D. The CMC should communicate frequently and clearly with the legal decision maker(s) and strive to advocate for the vulnerable person
E. The CMC should collaborate with the legal decision maker(s) to identify and address potential challenges to service. In consultation with the legal decision maker(s), the CMC should reach out to client system if/when appropriate.
F. If the situation becomes untenable the CMC should notify the legal decision maker of intent to terminate.
The CMC should participate in continuing education programs for professional growth and continued certification.
Participation in relevant continuing education programs is required for a CMC to remain current in best practices and to maintain a base of professional knowledge and skills in order to practice in a proficient and ethical manner. Recertification requires continuing education throughout the certification period.
A. Continuing education requires a CMC to assume responsibility for their own professional development.
B. Continuing education hours can be obtained either as a participant or a presenter of a program meeting NACCM criteria.
The CMC should utilize supervision / consultation on an ongoing basis.
Supervision /consultation enhance professional practice. NACCM views supervision as an ongoing process of consultation for the purpose of maintaining and improving one’s care management skills.
A. Professional supervision / consultation may be conducted by professional peers, mentors, or supervisors in formal and/or informal arrangements.
B. Supervision / consultation benefit the CMC by providing guidance and support in dealing with challenges such as:
- Care Plan development
- Developing Clinical Skills
- working with complex situations.
- managing client/client system crises.
- identifying and resolving ethical dilemmas.
- developing cultural responsiveness and humility.
The CMC should provide clarity and accuracy in all communications, including advertising and financial disclosures.
The CMC clarifies expectations, establishes integrity, and avoids the possibility of a conflict of interest through clear communication about their expertise and scope of practice, billing practices, and financial relationships.
A. When services are billed on a fee-for-service basis, the CMC should clearly explain, verbally and in writing, the terms and conditions of services to the responsible party.

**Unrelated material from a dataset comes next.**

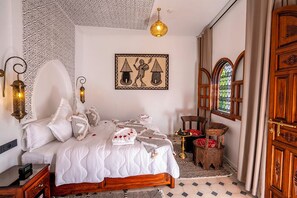 Chambre Deluxe Double ou avec lits jumeaux, vue cour intérieure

This should include fee structures, billing practices, and payment terms.
B. Information about the CMC’s agency’s funding sources, contractual relationships, and other business associations should be made available.
C. The CMC should act with transparency and maintain a position of objectivity when making recommendations for services, disclosing any relationships with recommended entities and providing alternatives as appropriate, to avoid the possibility of a conflict of interest.
D. Statements in advertising and marketing materials regarding the CMC’s qualifications, credentials, expertise, or agency business practices should be current, accurate, and not misleading.